My pen! I mean my pen! How Freudian, please excuse. Anyway, how kind of Monsieur Broustet to invite us to his exhibition, let us proceed post haste to see what we can see. The passionate world of young Khmer women, otherwise known as Broustet’s solo show Queen For A Night, is only on view in Siem Reap until October 31; what if you want to see it twice?? We should hurry.

Queen For A Night focuses on Khmer women’s “transformation from everyday selves into unabashed beauties for Cambodian weddings and other significant occasions”. Unabashed! Saucy minxes that they are. That may sound like an excuse for us all to ogle women in various stages of undress and picturesque disarray, hair all of a tumble, ballgown slipping cheekily off one ‘unabashed’ shoulder, but undoubtedly the exhibition’s iconographic subtext contains some contrapuntal critique.
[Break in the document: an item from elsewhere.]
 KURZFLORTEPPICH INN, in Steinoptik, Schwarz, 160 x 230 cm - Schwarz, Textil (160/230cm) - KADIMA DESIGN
Assiduously, your feminist reviewer scans the aforementioned press release for thoughtful comment on the egregious sins of the male gaze, or a meaty gobbet of French philosophy at the very least. “The ritual of preparing for special events takes hours of enthusiastic groundwork, usually beginning with a visit to a favourite hair salon to have tresses elaborately styled and curled.” Tonsorially accurate, no doubt, no doubt, but few of us go to exhibitions to think about curling tongs, it must be said.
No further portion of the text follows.